Innovations for Java running in containers

This blog is co-authored by Hang Shao, Marius Pirvu, Tobi Ajila and Vijay Sundaresan.

1.     Introduction

Over a decade ago, the common form of deployment was large monolithic applications that handled all the business logic. In this model applications typically had long deployment windows and they were typically deployed on large on-prem server farms. Since the deployer owned the hardware, the resource capabilities were static, as increasing capacity requires purchasing more hardware which doesn’t happen overnight. To defend against outages caused by spikes in incoming load, businesses often over-provision resources. This results in wastefulness during low load periods but given the static nature of resource provision this was a compromise many had to settle with.

Nowadays, instead of having one large application that does everything, people modularize their application into many smaller services. The deployments are frequent, and they may happen even multiple times a day. Applications are deployed on public clouds where there is no finite limit on resources. As demand changes, one can easily scale up or down. In fact, the cloud economic model is based on memory and time usage, so overprovisioning is not a good option in dealing with dynamic demand. The modularized micro-service approach has proven to be a more efficient mode of deployment in comparison to the monolith paradigm.

With all the advancements made in application deployment, there are still some challenges developers face when deploying applications.  With micro-services there may be many dependencies to manage. Also, given the non-uniform nature of public clouds, there may be many environments in which an application could be deployed in. The computing resources (amount of RAM, number of CPUs) may not be the same from node to node. Also, with dynamic resourcing policies there is a direct correlation between scaling time and latency that users may experience when demand suddenly increases.

Containers provide some solutions to the challenges in the cloud deployments. With tools like docker, it enables developers to modularize and package their solutions into immutable entities. This means they get the same configuration in development, testing and production. This solves the problem of dealing with multiple dependencies and makes it easier to deploy in different environments, thus reduces the risk in deployments. With container solutions, it becomes easier to deploy to different clouds and platforms, since all your dependencies are contained within the image.

Containers are effective means to address some, but not all the challenges in the cloud, such as cold starts and minimizing footprint. Start-up time is important because with micro-service based solutions, many instances aren’t run for very long. With FAAS/Serverless solutions, start-up time is very important as the start-up time is a noticeable portion of the application time. Also, with dynamic scaling policies, start-up time directly correlates with response time as new instances need to spin- up once demand increases. Given the pricing for cloud environments, which depends on memory usage, minimizing the size of the application becomes important. Tuning the JVM is very important in these cases.

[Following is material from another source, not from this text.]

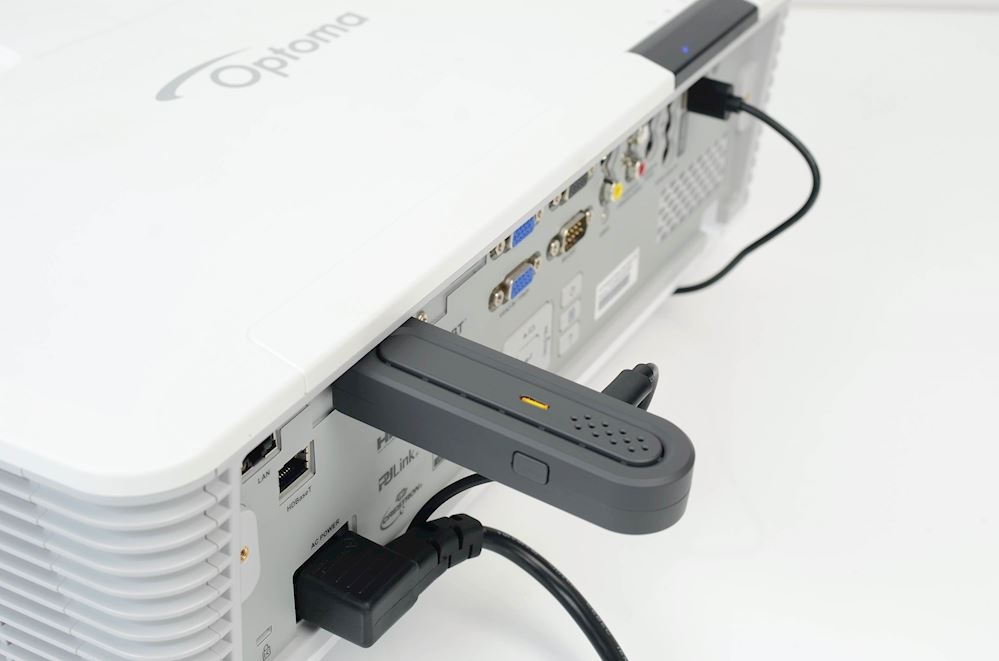 Transmisor / receptor inalámbrico Wi-Fi Optomaa través de conexión red 5 Ghz para conectar cualquier proyector y reproducir contenido inalámbricamente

Containers do not solve all the challenges, but they do offer JVM vendors an avenue to provide solutions to address some of the challenges that containers cannot solve. Containers offer a modularized entity which people can package their applications as well as JVM enhancements that ensure optimal performance in the cloud environment. Next, we will describe some of these enhancements and how users can leverage them in container-based solutions.

2.     OpenJ9 enhancements for the cloud environment

In this section, we will introduce some OpenJ9 features that improve the performance in a cloud environment, and we will evaluate the benefits of those features through performance experiments.

2.1.           Reducing Class Verification Overhead

Class Verification adds a bit of overhead during the start-up when many classes are loaded. Verification itself consumes CPU cycles and it can trigger class loading. Therefore, OpenJ9 has a feature called class relationship verifier, which omits class loading operations that would have occurred during class verification. Instead, OpenJ9 creates a record of them and verifies such records later, at runtime. With this feature, some of the classes may never be loaded, which can lead to start-up time improvements.

The command line option to enable this feature is: -XX:+ClassRelationshipVerifier. If you are interested in more details about this feature, you can check this blog post here.

2.2.           Shared Class Cache and Dynamic AOT technology

One of OpenJ9’s most powerful features to improve start-up time of applications is the Shared Class Cache (SCC) technology, which is an area of shared memory used to cache entities like: ROMClass (readonly representation of Java class), AOT compiled code, interpreter profiling information, etc. The SCC persists beyond the lifetime of the JVM. Since classes are loaded from memory instead of the disk, and the ROMClasses are already pre-processed, class loading is much faster with the shared class cache.

Another key technology than improves start-up time is dynamic AOT. It is called dynamic because methods are compiled to relocatable format at runtime and stored into the shared class cache. Any subsequent JVM instance can use these methods after a cheap relocation process, which is about 100 times faster that a JIT compilation. With AOT, the JVM can transition faster from the interpreter to machine code, which improves start-up time as a result. The downside of AOT is that the generated code is slightly less optimized because it is more generic as it needs to fit many JVMs. However, we can mitigate this issue by generating AOT only during the start-up phase of an application and by recompiling the AOT method bodies with the regular JIT compiler.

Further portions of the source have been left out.